# Portable Texture Equipment -Advice Needed



## mds120 (Nov 22, 2009)

We currently own a Magnum TexFinish machine which we use for smaller jobs. After 2 years we are having issues with it surging material. In other words the pump is running but it is charging the line intermittently. This is a smaller machine and is electric.

Here were the reasons we bought the TexFinish Machine.

Machine under $800. 
Portable so one man could lift it or push it into a truck. 
Able to apply popcorn texture. 
Use a gun rather than a hopper. 
If necessary, the machine had to have the ability to texture an entire house.

We are thinking about going to a gas compressor. We have the same requirements as above but understand we may have to go back to a hopper.

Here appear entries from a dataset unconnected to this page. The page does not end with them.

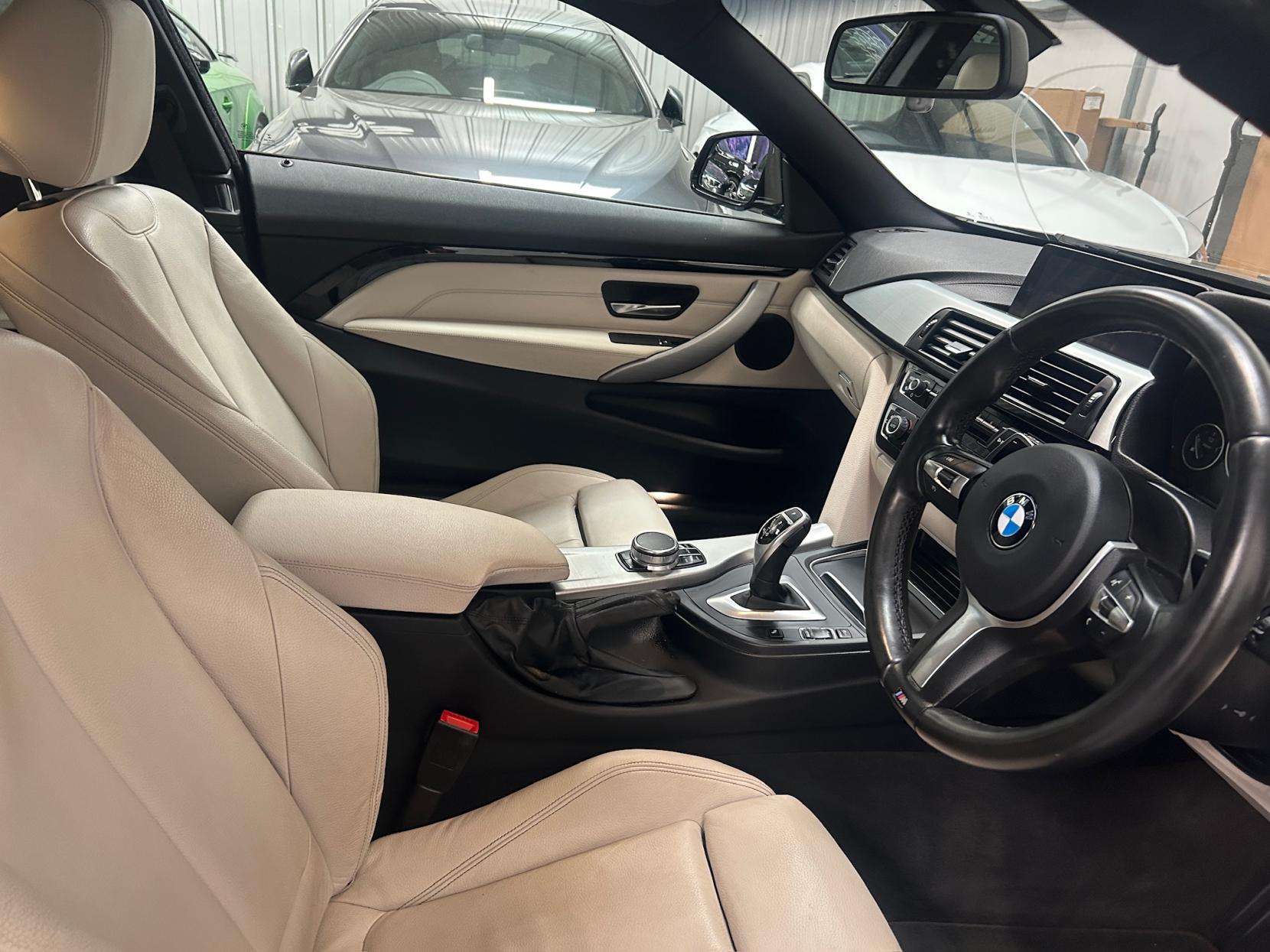 BMW 4 Series 2.0 420d M Sport Coupe 2dr Diesel Auto xDrive Euro 6 (s/s) (190 ps)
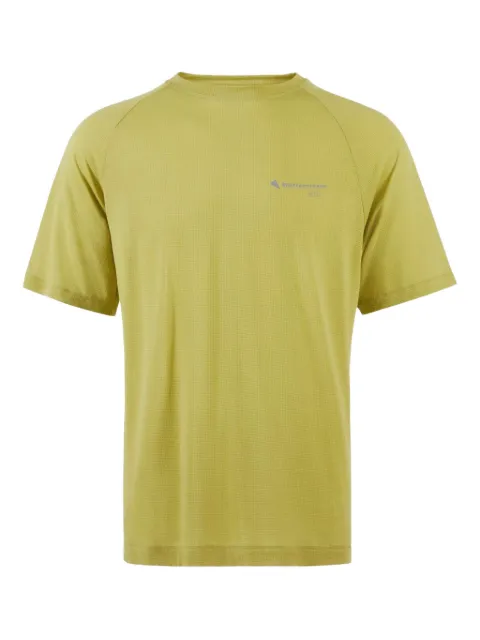 Klättermusen raglan-sleeve T-shirt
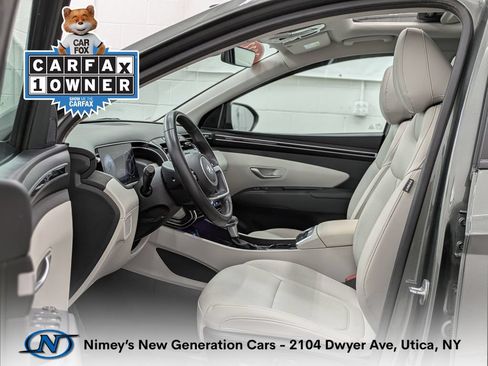 Used 2023 Hyundai Tucson SEL w/ Convenience Package AWD/4WD image 4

Any suggestions as to what machine or gas compressor we should buy?


----------



## drywallnflorida (Sep 19, 2008)

we have a mag texfinish sprayer that was doing the same thing, i thought it was the flex hose going bad, when i started to take it apart i realized that the connection on the bottem of the hopper was just a lil loose and was sucking in air but not loose enuff to leak material. Tightened it down half a turn and works great again. :thumbup:


----------



## mds120 (Nov 22, 2009)

drywallnflorida said:


> we have a mag texfinish sprayer that was doing the same thing, i thought it was the flex hose going bad, when i started to take it apart i realized that the connection on the bottem of the hopper was just a lil loose and was sucking in air but not loose enuff to leak material. Tightened it down half a turn and works great again. :thumbup:


Thank you for the reply. I was thinking it might be the hose at one time. I took everything apart to check it. I'll check the connection at the bottom of the hopper again. Maybe there is a gasket of something.


----------



## [email protected] (Dec 23, 2008)

Mds, what part of MO are you in?


----------



## mds120 (Nov 22, 2009)

Kansas City.


----------



## [email protected] (Dec 23, 2008)

If you keep having trouble I'll get you chucks's # @ magnum.


----------



## greenrabbi (Nov 30, 2009)

We had a similar problem, only it turned out the flex hose needed to be replaced. After that it was working fine again.


----------